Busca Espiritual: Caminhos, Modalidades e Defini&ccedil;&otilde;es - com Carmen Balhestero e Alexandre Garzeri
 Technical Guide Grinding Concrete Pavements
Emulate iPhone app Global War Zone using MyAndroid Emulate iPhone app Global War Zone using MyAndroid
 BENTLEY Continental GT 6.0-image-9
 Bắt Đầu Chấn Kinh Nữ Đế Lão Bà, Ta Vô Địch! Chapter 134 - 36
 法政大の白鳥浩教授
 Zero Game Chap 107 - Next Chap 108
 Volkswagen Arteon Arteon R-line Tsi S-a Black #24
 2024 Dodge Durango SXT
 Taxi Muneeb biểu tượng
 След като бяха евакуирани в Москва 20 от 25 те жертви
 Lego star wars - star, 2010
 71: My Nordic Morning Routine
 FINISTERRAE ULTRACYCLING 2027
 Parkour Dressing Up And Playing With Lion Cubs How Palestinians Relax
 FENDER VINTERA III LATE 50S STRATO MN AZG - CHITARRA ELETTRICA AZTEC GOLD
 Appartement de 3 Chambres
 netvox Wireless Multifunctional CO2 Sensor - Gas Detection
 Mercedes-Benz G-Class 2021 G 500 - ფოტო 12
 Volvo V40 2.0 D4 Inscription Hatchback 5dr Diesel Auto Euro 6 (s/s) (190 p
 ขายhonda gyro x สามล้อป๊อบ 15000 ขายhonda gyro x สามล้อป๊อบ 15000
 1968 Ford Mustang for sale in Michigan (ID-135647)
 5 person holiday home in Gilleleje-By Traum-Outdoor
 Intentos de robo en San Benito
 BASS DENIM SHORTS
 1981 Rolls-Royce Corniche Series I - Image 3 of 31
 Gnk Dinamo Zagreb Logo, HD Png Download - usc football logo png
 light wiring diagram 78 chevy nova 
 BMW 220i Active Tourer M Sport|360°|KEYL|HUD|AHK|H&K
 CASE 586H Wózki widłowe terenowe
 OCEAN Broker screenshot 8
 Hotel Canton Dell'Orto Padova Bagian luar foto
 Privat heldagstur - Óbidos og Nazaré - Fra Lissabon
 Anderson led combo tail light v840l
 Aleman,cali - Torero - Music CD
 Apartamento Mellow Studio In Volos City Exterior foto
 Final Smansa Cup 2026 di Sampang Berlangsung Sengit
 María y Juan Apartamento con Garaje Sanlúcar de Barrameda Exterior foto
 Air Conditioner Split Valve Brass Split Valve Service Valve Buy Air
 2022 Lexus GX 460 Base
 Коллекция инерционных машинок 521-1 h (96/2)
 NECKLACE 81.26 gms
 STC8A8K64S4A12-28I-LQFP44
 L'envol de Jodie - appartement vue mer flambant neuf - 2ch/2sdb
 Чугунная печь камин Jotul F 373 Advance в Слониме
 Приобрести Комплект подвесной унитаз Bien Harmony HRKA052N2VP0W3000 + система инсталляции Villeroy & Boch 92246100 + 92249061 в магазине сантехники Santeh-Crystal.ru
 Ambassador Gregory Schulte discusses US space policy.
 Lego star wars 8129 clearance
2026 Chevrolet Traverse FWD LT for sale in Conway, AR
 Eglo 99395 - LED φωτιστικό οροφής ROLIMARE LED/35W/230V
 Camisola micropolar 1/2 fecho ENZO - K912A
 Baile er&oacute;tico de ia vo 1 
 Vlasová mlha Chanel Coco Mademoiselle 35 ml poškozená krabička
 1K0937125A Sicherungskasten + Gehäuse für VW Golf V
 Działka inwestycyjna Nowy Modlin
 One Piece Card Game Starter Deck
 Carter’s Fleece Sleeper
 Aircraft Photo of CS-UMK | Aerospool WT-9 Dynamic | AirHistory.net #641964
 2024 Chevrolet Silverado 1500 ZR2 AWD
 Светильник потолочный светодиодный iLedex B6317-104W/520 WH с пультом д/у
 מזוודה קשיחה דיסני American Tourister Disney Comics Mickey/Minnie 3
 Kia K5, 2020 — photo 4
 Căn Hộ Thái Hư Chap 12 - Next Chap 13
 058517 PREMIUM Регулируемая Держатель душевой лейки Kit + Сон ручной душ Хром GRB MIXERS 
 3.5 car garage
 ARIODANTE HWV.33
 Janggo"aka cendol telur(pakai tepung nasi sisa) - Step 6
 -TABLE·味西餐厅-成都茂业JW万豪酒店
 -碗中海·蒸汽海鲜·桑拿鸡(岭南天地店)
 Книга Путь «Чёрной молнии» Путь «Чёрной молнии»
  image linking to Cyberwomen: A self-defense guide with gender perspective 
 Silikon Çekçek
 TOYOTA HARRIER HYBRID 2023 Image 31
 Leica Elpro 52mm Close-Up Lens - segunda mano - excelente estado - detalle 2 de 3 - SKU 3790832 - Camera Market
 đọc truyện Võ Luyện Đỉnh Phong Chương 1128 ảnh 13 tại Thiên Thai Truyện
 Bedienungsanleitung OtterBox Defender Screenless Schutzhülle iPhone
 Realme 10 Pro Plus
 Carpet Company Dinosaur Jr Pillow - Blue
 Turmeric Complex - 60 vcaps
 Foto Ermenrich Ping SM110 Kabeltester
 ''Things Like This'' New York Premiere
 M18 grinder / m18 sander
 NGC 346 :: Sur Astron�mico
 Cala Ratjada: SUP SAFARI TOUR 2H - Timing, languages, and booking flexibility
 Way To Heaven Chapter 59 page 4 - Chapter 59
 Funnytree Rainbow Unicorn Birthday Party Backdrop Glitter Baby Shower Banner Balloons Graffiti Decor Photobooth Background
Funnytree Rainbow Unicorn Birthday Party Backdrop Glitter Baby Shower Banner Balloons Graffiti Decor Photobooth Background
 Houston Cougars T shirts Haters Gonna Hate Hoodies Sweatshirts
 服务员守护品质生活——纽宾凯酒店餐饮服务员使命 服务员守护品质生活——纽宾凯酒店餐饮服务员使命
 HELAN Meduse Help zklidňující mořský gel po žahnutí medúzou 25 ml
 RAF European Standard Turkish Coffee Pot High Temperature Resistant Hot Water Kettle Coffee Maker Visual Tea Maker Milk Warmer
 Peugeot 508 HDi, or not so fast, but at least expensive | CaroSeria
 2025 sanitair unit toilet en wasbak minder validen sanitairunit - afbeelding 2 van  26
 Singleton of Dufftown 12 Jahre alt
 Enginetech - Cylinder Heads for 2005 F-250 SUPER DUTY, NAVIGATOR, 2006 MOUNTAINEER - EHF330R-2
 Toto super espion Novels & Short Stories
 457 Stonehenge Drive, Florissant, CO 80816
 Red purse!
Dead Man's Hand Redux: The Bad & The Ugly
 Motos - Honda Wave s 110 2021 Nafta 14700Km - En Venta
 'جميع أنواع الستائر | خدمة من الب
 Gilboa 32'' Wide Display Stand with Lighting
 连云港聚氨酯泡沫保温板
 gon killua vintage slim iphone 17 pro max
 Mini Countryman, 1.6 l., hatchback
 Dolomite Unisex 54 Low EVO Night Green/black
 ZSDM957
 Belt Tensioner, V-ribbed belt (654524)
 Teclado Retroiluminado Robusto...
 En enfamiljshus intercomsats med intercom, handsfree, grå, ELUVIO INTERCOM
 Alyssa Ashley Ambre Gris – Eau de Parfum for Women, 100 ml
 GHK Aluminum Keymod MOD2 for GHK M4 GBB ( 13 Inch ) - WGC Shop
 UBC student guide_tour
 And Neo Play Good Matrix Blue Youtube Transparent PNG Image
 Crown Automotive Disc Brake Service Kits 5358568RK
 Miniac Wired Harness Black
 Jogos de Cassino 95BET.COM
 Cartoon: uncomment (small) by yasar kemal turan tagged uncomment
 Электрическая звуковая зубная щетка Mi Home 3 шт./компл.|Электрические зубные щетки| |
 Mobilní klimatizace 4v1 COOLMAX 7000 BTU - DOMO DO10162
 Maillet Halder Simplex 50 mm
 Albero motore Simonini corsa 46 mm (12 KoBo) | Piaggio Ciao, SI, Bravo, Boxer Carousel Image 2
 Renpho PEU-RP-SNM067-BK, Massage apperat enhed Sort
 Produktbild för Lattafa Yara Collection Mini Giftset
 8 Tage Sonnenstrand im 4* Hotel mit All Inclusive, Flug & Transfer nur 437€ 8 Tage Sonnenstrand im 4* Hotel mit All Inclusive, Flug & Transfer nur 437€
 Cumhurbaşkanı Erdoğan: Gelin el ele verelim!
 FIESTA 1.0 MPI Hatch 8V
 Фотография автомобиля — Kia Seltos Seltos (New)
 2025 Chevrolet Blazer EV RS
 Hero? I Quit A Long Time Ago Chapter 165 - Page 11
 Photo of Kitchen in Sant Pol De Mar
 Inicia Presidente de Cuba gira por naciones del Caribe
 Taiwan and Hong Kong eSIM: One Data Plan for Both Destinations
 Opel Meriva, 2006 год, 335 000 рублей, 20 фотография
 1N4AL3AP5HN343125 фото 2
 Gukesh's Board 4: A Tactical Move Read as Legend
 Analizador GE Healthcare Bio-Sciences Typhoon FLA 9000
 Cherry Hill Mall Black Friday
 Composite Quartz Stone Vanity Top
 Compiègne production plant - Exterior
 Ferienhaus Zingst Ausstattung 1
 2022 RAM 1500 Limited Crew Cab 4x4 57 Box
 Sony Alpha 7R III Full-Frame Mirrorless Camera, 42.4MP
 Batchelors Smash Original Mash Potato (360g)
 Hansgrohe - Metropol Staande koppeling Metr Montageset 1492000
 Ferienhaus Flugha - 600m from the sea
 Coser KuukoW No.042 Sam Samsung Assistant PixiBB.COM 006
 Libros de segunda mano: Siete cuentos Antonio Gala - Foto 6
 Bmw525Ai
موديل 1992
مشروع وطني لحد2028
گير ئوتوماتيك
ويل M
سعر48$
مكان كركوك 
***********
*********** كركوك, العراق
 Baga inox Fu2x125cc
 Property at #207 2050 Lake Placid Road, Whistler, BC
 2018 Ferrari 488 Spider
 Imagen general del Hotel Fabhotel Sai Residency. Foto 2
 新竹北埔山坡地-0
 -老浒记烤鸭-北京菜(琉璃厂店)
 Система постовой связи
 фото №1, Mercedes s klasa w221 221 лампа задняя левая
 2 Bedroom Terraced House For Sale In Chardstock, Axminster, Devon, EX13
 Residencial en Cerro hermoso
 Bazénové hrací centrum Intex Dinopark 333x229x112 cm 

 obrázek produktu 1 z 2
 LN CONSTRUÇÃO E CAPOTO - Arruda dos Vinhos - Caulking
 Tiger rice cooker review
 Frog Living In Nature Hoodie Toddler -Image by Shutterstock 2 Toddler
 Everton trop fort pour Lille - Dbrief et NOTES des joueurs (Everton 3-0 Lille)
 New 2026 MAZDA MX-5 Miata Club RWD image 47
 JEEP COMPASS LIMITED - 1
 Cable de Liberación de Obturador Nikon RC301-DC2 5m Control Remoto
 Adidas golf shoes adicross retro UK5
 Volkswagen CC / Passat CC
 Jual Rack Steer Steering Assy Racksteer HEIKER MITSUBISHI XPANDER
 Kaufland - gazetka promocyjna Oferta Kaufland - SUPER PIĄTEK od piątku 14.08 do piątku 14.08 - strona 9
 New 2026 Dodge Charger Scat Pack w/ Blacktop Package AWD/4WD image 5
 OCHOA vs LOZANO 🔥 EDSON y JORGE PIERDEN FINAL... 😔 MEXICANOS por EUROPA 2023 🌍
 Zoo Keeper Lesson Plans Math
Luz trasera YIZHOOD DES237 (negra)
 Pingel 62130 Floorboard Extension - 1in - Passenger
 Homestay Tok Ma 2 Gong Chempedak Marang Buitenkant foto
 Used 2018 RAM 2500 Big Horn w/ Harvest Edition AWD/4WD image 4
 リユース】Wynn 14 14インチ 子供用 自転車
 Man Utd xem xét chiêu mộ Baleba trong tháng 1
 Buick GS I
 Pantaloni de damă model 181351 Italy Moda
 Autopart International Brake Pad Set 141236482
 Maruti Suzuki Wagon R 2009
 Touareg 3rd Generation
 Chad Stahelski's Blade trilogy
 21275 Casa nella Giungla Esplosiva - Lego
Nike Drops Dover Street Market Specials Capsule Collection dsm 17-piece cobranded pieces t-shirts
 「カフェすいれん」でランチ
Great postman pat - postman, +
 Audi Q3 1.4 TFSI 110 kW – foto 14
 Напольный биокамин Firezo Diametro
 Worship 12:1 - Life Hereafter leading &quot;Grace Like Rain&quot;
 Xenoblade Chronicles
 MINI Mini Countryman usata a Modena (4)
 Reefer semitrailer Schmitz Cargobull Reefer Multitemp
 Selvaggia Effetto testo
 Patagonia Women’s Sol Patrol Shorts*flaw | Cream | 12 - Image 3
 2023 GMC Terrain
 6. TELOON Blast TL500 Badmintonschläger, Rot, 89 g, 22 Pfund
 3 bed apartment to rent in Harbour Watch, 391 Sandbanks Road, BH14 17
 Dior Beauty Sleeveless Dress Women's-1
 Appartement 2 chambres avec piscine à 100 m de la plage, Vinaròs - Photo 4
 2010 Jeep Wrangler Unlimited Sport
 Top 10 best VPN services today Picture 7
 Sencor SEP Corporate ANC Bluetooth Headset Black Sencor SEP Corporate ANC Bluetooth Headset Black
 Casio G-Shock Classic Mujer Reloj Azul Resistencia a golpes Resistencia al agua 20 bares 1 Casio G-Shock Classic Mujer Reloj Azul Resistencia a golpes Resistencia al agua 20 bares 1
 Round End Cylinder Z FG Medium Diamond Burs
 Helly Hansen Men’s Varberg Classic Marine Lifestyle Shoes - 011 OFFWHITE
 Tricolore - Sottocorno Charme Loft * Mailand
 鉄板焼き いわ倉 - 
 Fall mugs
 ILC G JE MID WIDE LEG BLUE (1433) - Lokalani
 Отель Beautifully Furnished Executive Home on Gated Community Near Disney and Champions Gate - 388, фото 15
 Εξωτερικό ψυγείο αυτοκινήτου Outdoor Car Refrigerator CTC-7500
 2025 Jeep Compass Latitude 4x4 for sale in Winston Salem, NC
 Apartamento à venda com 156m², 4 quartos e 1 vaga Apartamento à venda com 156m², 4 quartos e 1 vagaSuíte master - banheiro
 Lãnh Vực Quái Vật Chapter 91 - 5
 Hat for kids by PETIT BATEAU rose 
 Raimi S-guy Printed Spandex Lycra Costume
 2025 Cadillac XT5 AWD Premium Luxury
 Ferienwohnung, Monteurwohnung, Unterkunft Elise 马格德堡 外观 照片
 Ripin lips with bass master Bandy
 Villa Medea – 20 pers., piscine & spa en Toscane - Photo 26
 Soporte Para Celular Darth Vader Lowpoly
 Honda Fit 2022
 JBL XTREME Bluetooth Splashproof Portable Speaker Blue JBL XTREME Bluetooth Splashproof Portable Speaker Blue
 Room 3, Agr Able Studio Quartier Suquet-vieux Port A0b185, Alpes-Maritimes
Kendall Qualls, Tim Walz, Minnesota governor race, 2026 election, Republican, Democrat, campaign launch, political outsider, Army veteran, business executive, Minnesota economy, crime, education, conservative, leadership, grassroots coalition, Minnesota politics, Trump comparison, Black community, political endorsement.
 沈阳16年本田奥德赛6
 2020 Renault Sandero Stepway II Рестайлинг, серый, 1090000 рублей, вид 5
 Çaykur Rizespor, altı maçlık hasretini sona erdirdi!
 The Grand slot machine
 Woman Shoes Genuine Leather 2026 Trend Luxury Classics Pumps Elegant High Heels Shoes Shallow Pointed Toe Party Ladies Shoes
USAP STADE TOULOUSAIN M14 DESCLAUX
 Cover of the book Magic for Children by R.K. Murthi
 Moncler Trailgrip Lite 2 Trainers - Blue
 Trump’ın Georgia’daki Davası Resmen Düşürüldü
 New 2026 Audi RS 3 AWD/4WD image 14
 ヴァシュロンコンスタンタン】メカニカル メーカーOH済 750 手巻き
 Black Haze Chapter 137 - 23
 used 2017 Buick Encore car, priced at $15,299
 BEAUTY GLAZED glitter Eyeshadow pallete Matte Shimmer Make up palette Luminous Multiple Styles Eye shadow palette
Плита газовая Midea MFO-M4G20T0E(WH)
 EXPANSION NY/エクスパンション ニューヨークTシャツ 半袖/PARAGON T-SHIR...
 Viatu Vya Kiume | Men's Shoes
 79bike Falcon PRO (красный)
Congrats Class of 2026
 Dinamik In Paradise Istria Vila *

What is required: Please transcribe only the lines in the records above running from the line that has "Miniac Wired Harness Black" through the line that has "Maillet Halder Simplex 50 mm", both included, exactly as they appear.

Task solution:
 Miniac Wired Harness Black
 Jogos de Cassino 95BET.COM
 Cartoon: uncomment (small) by yasar kemal turan tagged uncomment
 Электрическая звуковая зубная щетка Mi Home 3 шт./компл.|Электрические зубные щетки| |
 Mobilní klimatizace 4v1 COOLMAX 7000 BTU - DOMO DO10162
 Maillet Halder Simplex 50 mm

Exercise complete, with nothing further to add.